» **Data listing**:
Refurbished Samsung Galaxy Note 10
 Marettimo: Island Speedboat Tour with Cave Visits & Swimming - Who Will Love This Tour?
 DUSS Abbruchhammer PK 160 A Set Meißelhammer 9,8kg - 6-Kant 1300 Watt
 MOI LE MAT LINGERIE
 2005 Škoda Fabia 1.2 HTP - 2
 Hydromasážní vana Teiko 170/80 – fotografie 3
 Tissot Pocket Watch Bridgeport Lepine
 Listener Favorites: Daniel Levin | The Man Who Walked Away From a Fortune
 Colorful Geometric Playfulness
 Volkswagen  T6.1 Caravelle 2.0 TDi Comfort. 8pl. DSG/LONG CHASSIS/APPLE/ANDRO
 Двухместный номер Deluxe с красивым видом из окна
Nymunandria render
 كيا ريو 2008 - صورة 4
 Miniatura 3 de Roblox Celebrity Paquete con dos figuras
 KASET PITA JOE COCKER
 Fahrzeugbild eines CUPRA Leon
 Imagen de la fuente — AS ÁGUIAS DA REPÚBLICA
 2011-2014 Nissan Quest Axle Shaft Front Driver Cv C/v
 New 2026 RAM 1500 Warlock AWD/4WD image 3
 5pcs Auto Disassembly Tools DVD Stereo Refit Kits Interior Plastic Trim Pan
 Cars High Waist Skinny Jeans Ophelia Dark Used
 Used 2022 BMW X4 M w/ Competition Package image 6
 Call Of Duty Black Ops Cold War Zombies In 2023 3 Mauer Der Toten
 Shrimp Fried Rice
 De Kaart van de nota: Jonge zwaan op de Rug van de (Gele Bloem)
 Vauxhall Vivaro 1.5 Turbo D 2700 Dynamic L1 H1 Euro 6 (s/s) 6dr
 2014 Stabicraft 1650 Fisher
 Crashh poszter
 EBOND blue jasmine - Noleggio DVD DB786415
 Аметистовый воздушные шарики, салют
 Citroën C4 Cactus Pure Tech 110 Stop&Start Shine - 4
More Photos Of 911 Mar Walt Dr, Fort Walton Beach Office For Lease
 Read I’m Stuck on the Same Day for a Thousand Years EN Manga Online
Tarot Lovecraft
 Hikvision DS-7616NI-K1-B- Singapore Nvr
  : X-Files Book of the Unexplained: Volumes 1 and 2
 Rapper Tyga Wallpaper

» **Your task**: Write down, word for word, the lines above from the one containing "Imagen de la fuente — AS ÁGUIAS DA REPÚBLICA" through the one containing "Call Of Duty", both ends included.

» **Response**:
 Imagen de la fuente — AS ÁGUIAS DA REPÚBLICA
 2011-2014 Nissan Quest Axle Shaft Front Driver Cv C/v
 New 2026 RAM 1500 Warlock AWD/4WD image 3
 5pcs Auto Disassembly Tools DVD Stereo Refit Kits Interior Plastic Trim Pan
 Cars High Waist Skinny Jeans Ophelia Dark Used
 Used 2022 BMW X4 M w/ Competition Package image 6
 Call Of Duty Black Ops Cold War Zombies In 2023 3 Mauer Der Toten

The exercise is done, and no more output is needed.